Regarding the compatibility of the measure under Article 106(2) TFEU

(53) The French authorities considered that the conditions of compatibility based on Article 106(2) TFEU were met.
(54) In particular, they considered that compensation for the performance of the public service was necessary (race prizes, for example, made up jockeys' wages) and proportionate. The percentage of the levy assigned to the horse racing companies was precisely determined on the basis of the total cost of the public service obligations and the total amount of the stakes collected from horse-race betting, which should avoid any overcompensation. Furthermore, the notification specified a mechanism for controlling overcompensation.

5.4.   

Regarding the compatibility of the measure with the principle of free movement of services

(55) The French authorities argued that the parafiscal levy did not contain any discriminatory elements because it benefited:
— In the first instance, the horse racing companies, and particularly those that constituted the PMU, the authorised betting operator.

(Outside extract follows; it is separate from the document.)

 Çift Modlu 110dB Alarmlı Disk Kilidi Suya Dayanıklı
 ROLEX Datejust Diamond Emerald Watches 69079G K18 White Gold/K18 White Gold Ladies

However, these companies gained no advantage, either financial or competitive, over other operators as this income was used solely and exclusively to finance the public service mission which was entrusted to them by the French authorities and which made no distinction according to the nationality of the participants in races.
— Ultimately, and indirectly, all authorised betting operators whether French or foreign. They would benefit from the positive externalities of a high-quality and highly appealing race organisation.

6.   

COMMENTS BY INTERESTED PARTIES

(56) The Commission received comments from eight interested parties. Of these, five were associations, two were the horse racing parent companies and one wished to remain anonymous (see recital (5)).

6.1.   

Comments by interested parties in support of the notified measure

(57) Six interested parties were in favour of the notified measure. They included the two horse racing parent companies which stood to benefit significantly from the measure. The main arguments put forward by the interested parties in favour of the notified measure were as follows:

6.1.1.   

Importance of the measure for the future of horse racing

(58) Some interested parties explained that horse races throughout Europe were financed by the revenues from bets and were therefore totally dependent on these revenues.
(59) There was therefore a correlation between the level of direct employment in the horse racing sector and the revenues generated from betting on horse races that were redirected towards this sector. A drop in revenues would have repercussions on the breeding industry and would not allow horse racing to fulfil its task of improving the equine species and promoting horse breeding.
(60) Moreover, the horse racing sector was a considerable asset for Europe, and the 250 race courses in France played a very significant social role because of the attachment of the French to the horse racing tradition and because they were often located in the more disadvantaged regions of France.
(61) It was also important to protect the totalisator betting system, as it provided the best possible guarantee of transparency and integrity and aimed to secure a fair return for the sport.

6.1.2.   

Existence of state aid

(62) Some interested parties argued that the notified measure was not aid within the meaning of Article 107(1) TFEU for the following reasons:
(63) It did not confer any economic advantage on the horse racing companies benefiting from it: the income from the levy, which corresponded to 8 % of the stakes placed in online horse race betting, was much lower than the cost to the horse racing parent companies of implementing the public service obligations (23).
(64) Moreover, the measure did not affect trade and neither distorted nor was likely to distort competition because there was no market for horse racing in the strict sense that could be subject to a distortion of competition, but simply a market for horse-race betting.
(65) Even if the Commission were to find that there was a market for horse racing, the horse racing companies benefiting from the measure were not in competition with horse racing companies in other Member States because the horse racing companies coordinated their operations at a Europe-wide or even worldwide level to avoid competition of this kind, by holding races on different dates for example.
(66) Furthermore, should the Commission increase the scope of its analysis to include the horse-race betting market, no distortion could arise in this market given that the measure did not discriminate between betting operators.
(67) Finally, certain interested parties also argued that the activities of the horse racing companies were local in nature and therefore had no effect on trade between Member States.

6.1.3.   

Definition of SGEI

(68) Some interested parties insisted on the Member States' margin of discretion in defining and organising SGEIs.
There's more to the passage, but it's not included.